Jun 22, 17, 11:20 PM #19
Jun 23, 17, 12:38 AM #20
Jun 23, 17, 03:22 AM #21One of my favorite red supergiants is a star that most of you have heard of and many of you have probably seen in the night sky. It's the ninth brightest star in the night sky and is 642.5 light years from Earth. Of course, it Betelguese.
While very unlikely, it is possible we could bear witness to a once in a millennium cosmic event thanks to the famous red supergiant dying star. I would say Betelguese will go supernova on the universe's butt in 100,000 to 1,000,000 years(probably closer to the million) but it is not out of the realm of possibility that it could happen tomorrow or next week or next month. Scientists know it's only a matter of time until it blows. If Betelguese blew up , say 600+ years ago(highly unlikely but possible), then we will be treated to some kind of spectacular treat in our lifetime. Let's just say I'm not holding my breath, but I am hoping we win the celestial lottery and get to witness this event.
Here are a few facts about Betelguese:
*Betelgeuse is 642.5 light years from Earth.
*It is classed as a red supergiant and is the tenth brightest star in the night sky.
*As part of the Orion constellation Betelgeuse can be easily found in the night sky through most of the year.
*High mass stars such as Betelgeuse burn their fuel extremely quickly, as a result they exist for only a few million years, stars such as our sun exist for billions of years.
*At only 10 million years old Betelgeuse is already near the end of its lifespan and is expected to explode as a supernova in the next million years.

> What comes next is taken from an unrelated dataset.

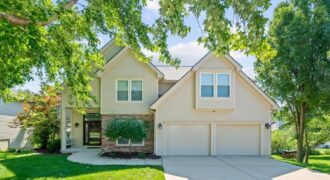 7801 N Revere Drive, Kansas City, MO 64151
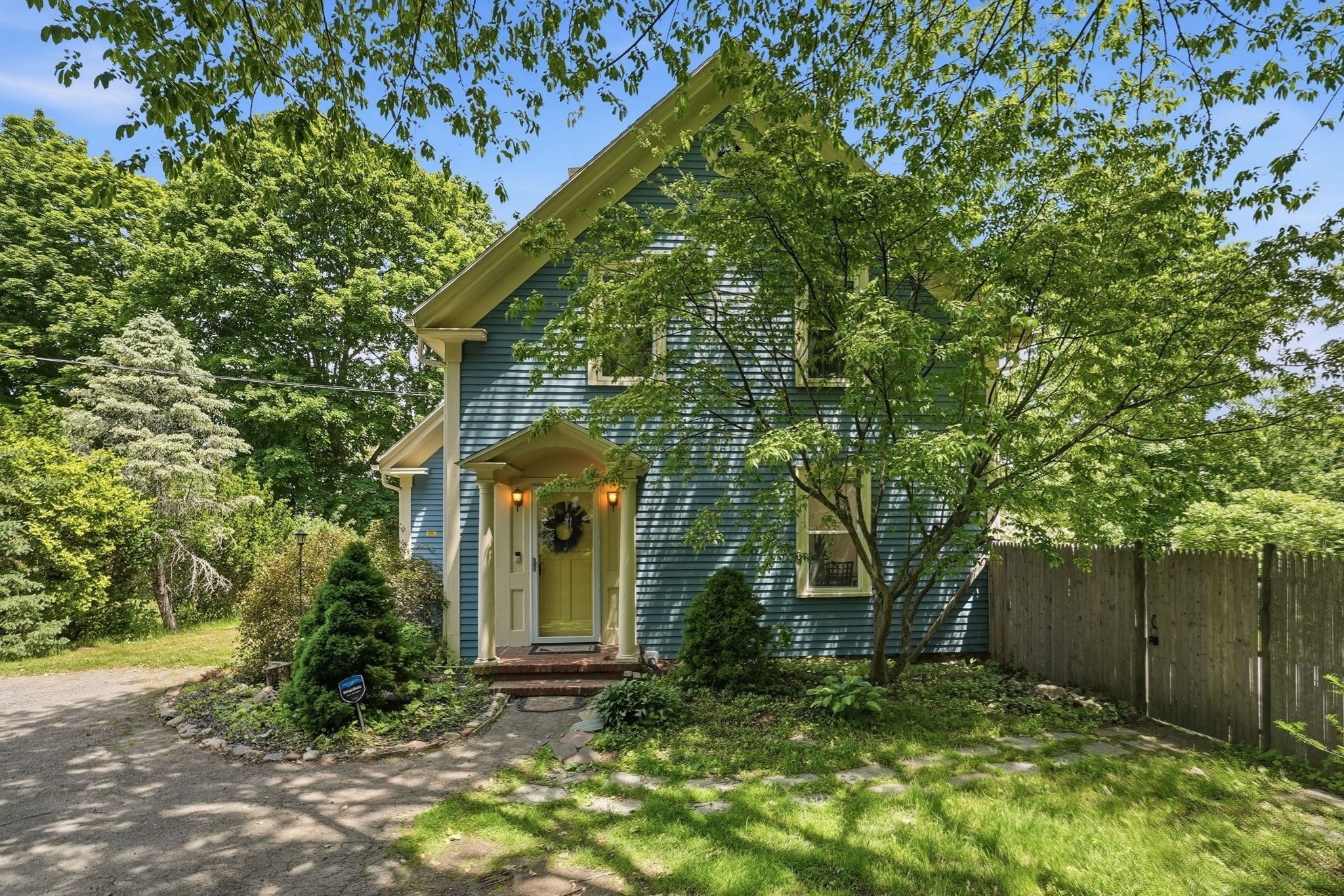207 Dodge St, Beverly, MA 01915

*Supernovas occur when high mass stars can no longer fuse elements in their core.
*When Betelgeuse explodes it will appear as bright as the moon in the night sky for several weeks and may even be visible during the day.
*Supernovas produce deadly bursts of gamma ray radiation but fortunately Betelgeuse is too far away to cause any damage to Earth.
*Betelgeuse can acceptably be pronounced as 'Beetlejuice' although there are several variations in its pronouncement.
*Betelgeuse has around a thousand times the radius of the sun, if it was placed in the center of our solar system the star would reach beyond the orbit of Jupiter!
*Betelgeuse is estimated to have a maximum mass of around 20 to 30 times that of the sun.
*Betelgeuse is estimated to have surface temperatures of around 3200C (5800F), around 60% as hot as the sun.
Betelgeuse Luminosity (energy emitted)
*Due to its enormous size Betelgeuse is around 100,000 times more luminous than the sun.
Also Known As: Alpha Orionis
Distance From Earth: 642.5 light years
Star Type: Class M Supergiant
Mass: Estimates average around 20 times the mass of the sun
Luminosity: Approx 100,000 x Sun
Diameter: Approx 850 million miles (1.4 billion km) - 1000 x Sun
Temperature: Approx 3200C (5800F)
Age: Approx 10 million years old
Rotation Period: Estimated around 15 to 30 years
Jun 23, 17, 03:36 AM #22Betelguese- Gonna go bang bang:
Jun 25, 17, 03:01 AM #23Maybe the sharpest image of Saturn ever taken from the ground was acquired just two weeks ago by Damian Peach and six of his colleagues using the 1-meter Pic Du Midi reflector high up in the French Pyrenees. Amazing pic!!! Enjoy, astronomy fans!
Jun 25, 17, 03:09 AM #24Some things to look for the next few evenings:
Sunday, June 25
• By the time it's fully dark this week, Altair is shining well up in the east. Helping to identify it is its little sidekick Tarazed (Gamma Aquilae), a finger-width above it or to its upper left. (They're unrelated; Altair is 17 light-years from us; Tarazed is about 460.)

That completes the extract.